Pada isu pelayanan kesehatan, bagaimana pemanfaatan lingkungan yang ada di sekitar rumah, berbagai macam tumbuhan mungkin bisa dimanfaatkan sebagai bahan pengobatan. Dengan adanya pengobatan tradisional ini maka akan mengurangi pengurangan (ekonomi) warga karena tidak perlu lagi ke puskesmas atau dengan adanya tumbuhan tradisional tersebut mungkin bisa dijadikan sebagai tambahan penghasilan dengan memberi nilai tambah pada tumbuhan tersebut. Keberadaan dukun (sandro) yang masih dipercayai oleh masyarakat akan berdampak pada kehidupan secara menyeluruh. Usaha memaksimalkan posyandu sebagai bentuk pelayanan kesehatan dari pemerintah, serta kios yang ada di sekitar yang juga menjual obat menjadi pertimbangan sosial dalam melihat pelayanan kesehatan.

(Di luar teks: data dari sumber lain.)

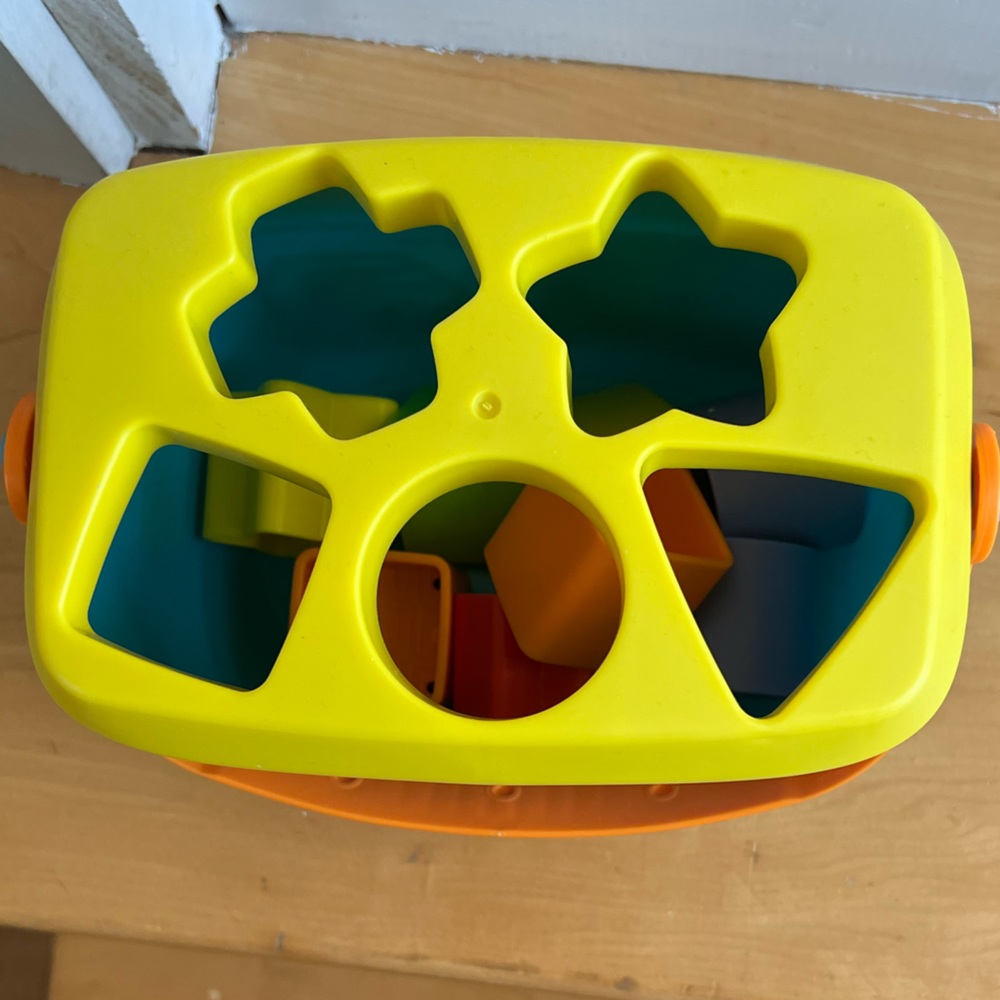Shape Sorting Bucket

Begitupula kita bisa melihat isu yang lain dengan tetap berpatok pada ketiga aspek di atas (lingkungan, ekonomi, dan sosial budaya). Dengan menggunakan pendekatan ESD ini maka memungkinkan peserta untuk melihat sebuah fenomena sosial secara terperinci dan menyeluruh. Ketiga pilar tersebut merupakan satu kesatuan yang tak bisa terpisahkan. Memahami secara berimbang realitas sosial yang terjadi dan mampu berfikir secara holistic dalam merancang masa depan yang mampu berkelanjutan.

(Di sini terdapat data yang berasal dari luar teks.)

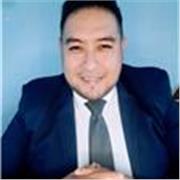 Abogado da clases de derecho, finanzas e historia en linea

Hasil dari pencarian informasi di lapangan yang berdasar pada beragam isu tersebut, kemudian dipresentasikan. Beragam cara yang dilakukan dalam mempresentasikan hasil kajian lapangan. Cara yang bisa dilakukan dengan memakai metode mind mapping, short movie, slide, drama, gambar dan lainnya. Agar semua peserta dalam kelompok mengetahui semua hasil kerja lapangan maka presenter dari perwakilan masing-masing kelompok dipilih oleh fasilitator. Pemilihan perwakilan kelompok juga dilakukan dengan cara yang berbeda dari biasanya. Pemilihan bisa dilakukan dengan mengetahui siapa yang paling muda di antara teman kelompok, jempol tangan paling besar, atau petunjuk lainnya. Hal ini dilakukan agar hasil informasi lapangan yang dikemas dalam bentuk presentasi tersebut diharapkan dipahami merata oleh semua anggota kelompok.
Dari program ini tentu saja diharapkan peserta akan berfikir dan tergerak untuk berbuat lebih bermanfaat bagi lingkungan dan sesama. Dalam melihat sebuah fenomena akan selalu mempertimbangkan sebab akibat dari beragam aspek hingga pada penemuan titik keseimbangan yang akan berdampak pada keberlangsungan.